Supported Document Formats

Please note that Aspose.Words does load HtmlFixed file format into its DOM. You can save your document to HTML file format instead of HtmlFixed. Hope this helps you.

@tahir.manzoor Thank you for your answer!

When I save my document as HTML however, when I convert it back to word document, not all formatting is preserved (indentation and spacing is off and some characters move around). Is there a way to convert docx to html and back without any loss of formatting (or at least with minimal loss)?

Kind regards,

Maroš

@MarosXceptor

Please note that HTML and Word file formats are quite different. So, sometimes it is hard to achieve 100% fidelity.

We have converted the document to HTML and DOCX using latest version of Aspose.Words for .NET 20.1 with following code example. We have not found the issue in output document.

Please check the attached output documents and share the screenshots of problematic sections in them. We will then provide you more information on it.
Docs.zip (11.6 KB)

Document doc = new Document(MyDir + "originalAppendix.docx");
doc.Save(MyDir + "20.1.html");

Document doc2 = new Document(MyDir + "20.1.html");
doc2.Save(MyDir + "out//20.1.docx");

@tahir.manzoor

Yeah, I am aware that many of the word features cannot be transferred to HTML, though the main issues I am experiencing are indentation and spacing, which don’t seem impossible to fix.
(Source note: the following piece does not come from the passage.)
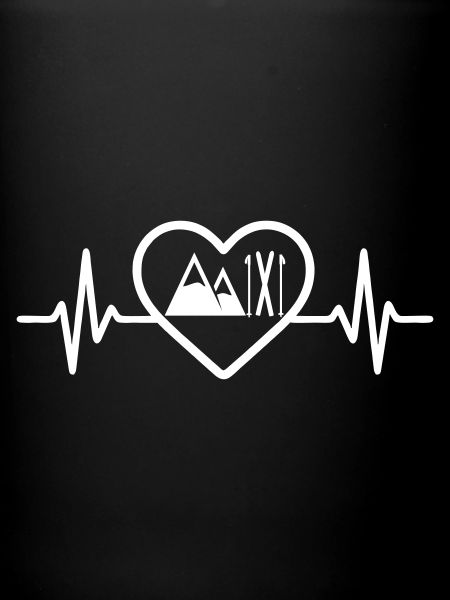 Ski Mountain Heart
formattingIssues.zip (218.0 KB)

Please see above for a highlight of the formatting issues on the documents you sent to me.

Kind regards,

Maroš

@MarosXceptor

We have logged this problem in our issue tracking system as WORDSNET-19909. You will be notified via this forum thread once this issue is resolved.

We apologize for your inconvenience.

1 Like

@tahir.manzoor Thank you!

The issues you have found earlier (filed as WORDSNET-19909) have been fixed in this Aspose.Words for .NET 20.3 update and this Aspose.Words for Java 20.3 update.